In her current installation, Pretty Please, at The New Gallery, Yuriko Iga continues to investigate the artistic potential of printing photographic images on ceramic tiles, this time presenting a trio of large pink-toned head shots of popular household pets.

But unlike her previous exhibit at Truck Gallery – which featured brightly colored Chinese children’s flash cards laser-printed on white tile supports – the new, soft, faint images don’t just sit on the surface of the tiles, they appear to emanate from within the artworks. As the 28-year-old Calgary artist notes, "In a way it’s moving into that Oriental realm of the tile and the image becoming one."

For the most part, though, the Winnipeg-born Iga, whose parents emigrated from Japan, says she’s not interested in producing Japanese-Canadian art.

"When people ask me about that," she quips, "I say, ‘Why? Aren’t I Japanese-Canadian enough for you? Do I have to make art about it, too?’"

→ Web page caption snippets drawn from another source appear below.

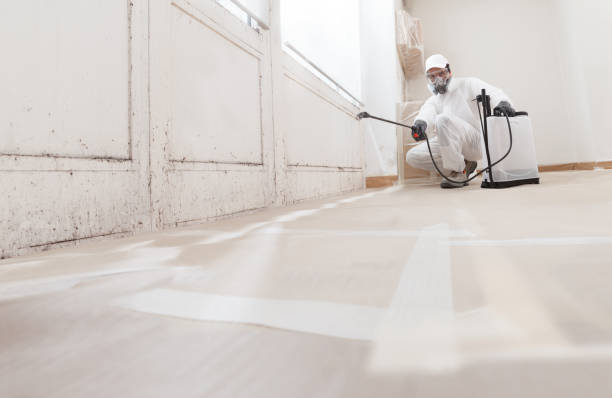 24/7 Emergency Mold Remediation experts in Hillsboro, IL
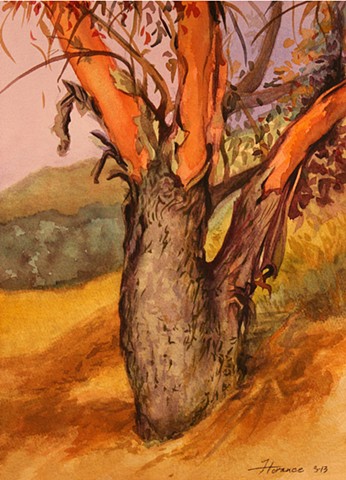 Arroyo Eucalyptus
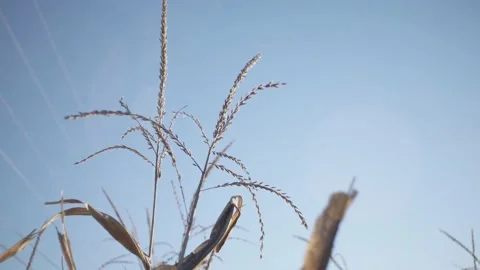 Pan Around Slow Motion Harvest Corn At Sunrise Stock Footage 205954807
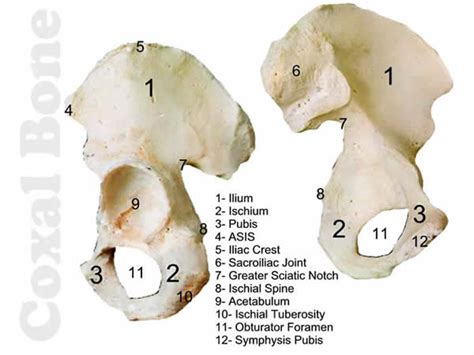 Unlabeled Coxal Bone The Pelvic Girdle And Pelvis Anatomy And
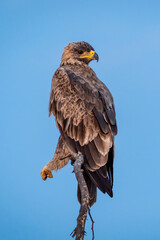 Steppe eagle or Aquila nipalensis portrait in natural blue sky background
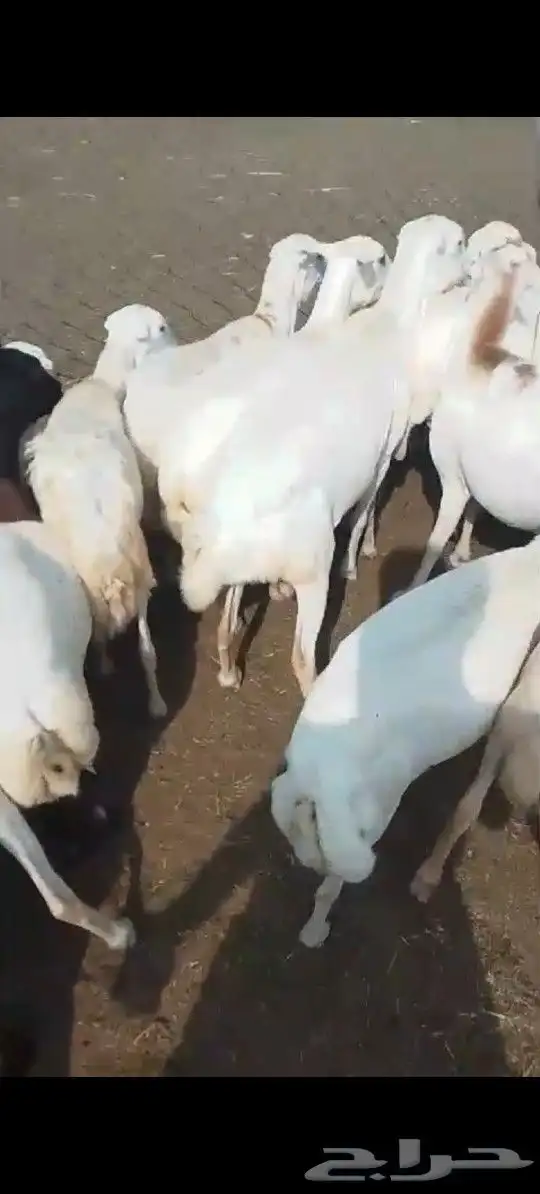 اعرض لكم ضأن دفيع وقرايب 7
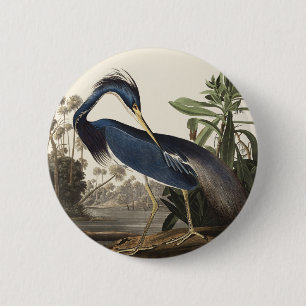 Vintage Audubon Louisiana Heron Bird Art 2 Inch Round Button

Nevertheless, Iga believes that belonging to two cultures has had an impact on her artmaking. "I think the meshing of mediums has something to do with my background. Being in Japan I never feel Japanese, and being in Canada I never feel Canadian. So maybe that’s why I just can’t paint or explore one medium; it always fuses with something else."

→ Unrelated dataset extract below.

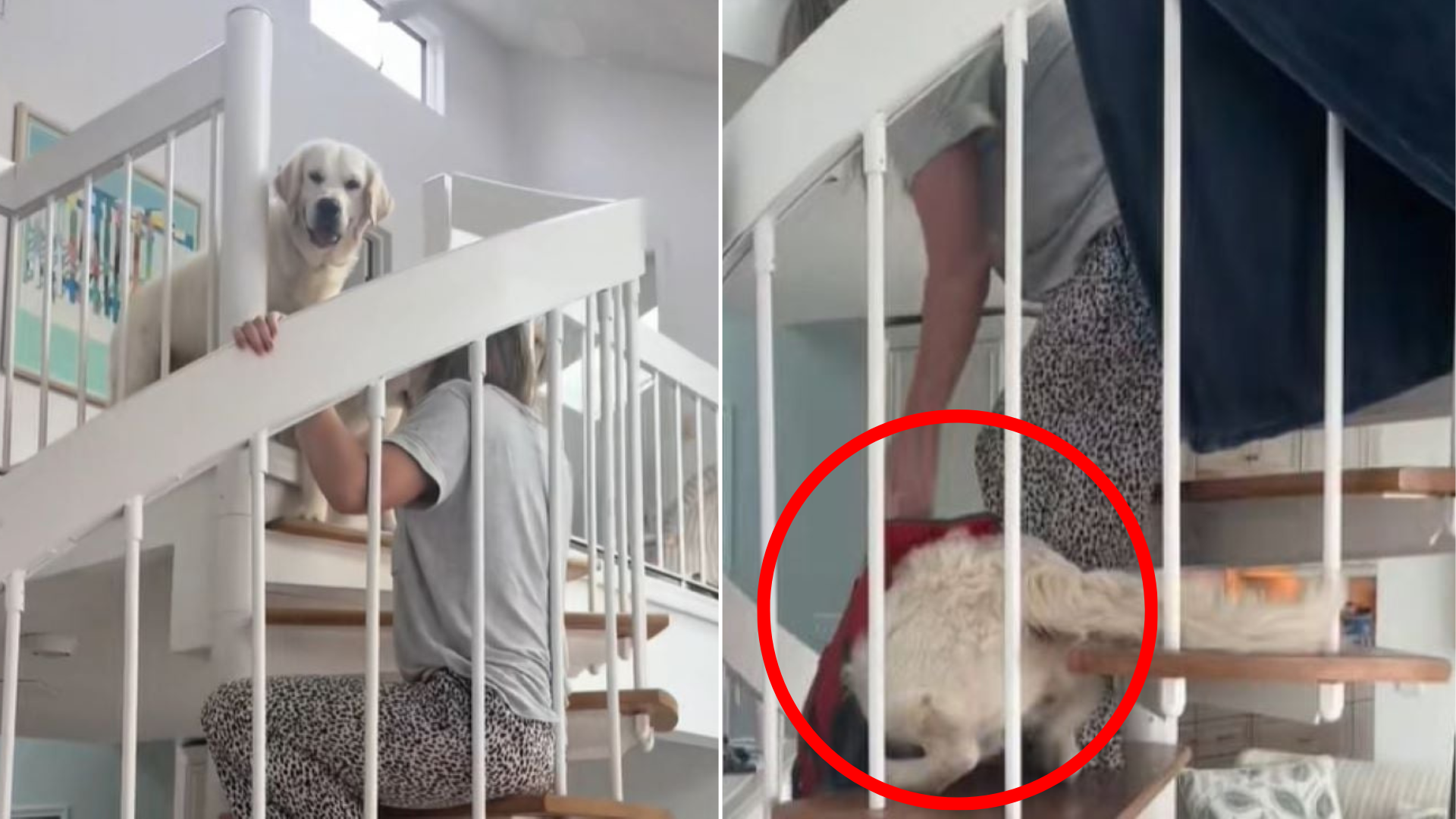 dogs on top of spiral stairs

Iga likes to use the slick, pristine, mass-produced tiles partly because she is attracted to their square shapes, but also because of their social context and the fact that sanitary, institutionalized building material can be seen in locations such as an office tower lobby or a psychiatric facility.

"It’s a low maintenance art form," jokes Iga, who graduated from ACAD three years ago, "all you have to do is spray it with Windex once in awhile."

The notion of involving pets in her art came about after she watched the critically acclaimed Swedish film My Life As a Dog, which tells the tale of a boy who assumes the identity of a dog in order to escape from his family problems.

"When people buy pets it helps them escape their own reality, whether for a brief time while training the animal or because they gain complete control over the creature," she says.

Iga is quick to point out, however, she’s not an animal activist and the show shouldn’t be taken too seriously. Indeed, when I visited the artist in her studio I also met her pet, a big, puppyish 10-year-old dog.

"I can’t help putting animals in my art. It makes everything appear softer than it is. They soothe me. It helps me escape."

Primarily, Iga explains, Pretty Please is intended as an ironic gesture mimicking people who glorify or attribute human characteristics to their pets. It’s why she satirically juxtaposed the color pink on grandiose painting-sized supports.

The core of the exhibit consists of three portraits of household animals Iga thought would engage, seduce and draw in the viewer. They include a love bird, an Abyssinian cat, and a bichon frise dog, purposefully chosen for its kitschy pop countenance. This particular trio of pets was inspired by a Looney Toons cartoon Iga saw that featured a dog chasing a cat chasing a bird in a neverending frenzied circle.

"There’s a lot of manipulation going on in pet ownership, but it’s only reflective of so many other things in our society. For instance, the boss yells at the employee, the employee goes home and yells at his wife, the wife yells at the kid, the kid kicks the dog."

Along with her 46-inch by 64-inch wall-mounted portraits, Iga has positioned a white tiled cat scratcher, a bird cage with a tile bottom, and a tiled dog house on the main gallery floor. They round out the exhibit and underscore Iga’s subtle sense of humor.

Artworks of this nature are generally meant to be open-ended. Instead of promoting a specific agenda or point of view, they are usually aimed at testing the viewer’s reaction and response. As Iga observes, "I try to make these images so that humans will look at themselves more than looking at animals."

In The New Gallery’s front space you will also find a small, toothy sculpture by Conroy Nachtigall titled "Thankyou," which is designed to coincide with Pretty Please. Nachtigall is a friend of Iga’s and one of the founding members of the controversial art collective United Congress.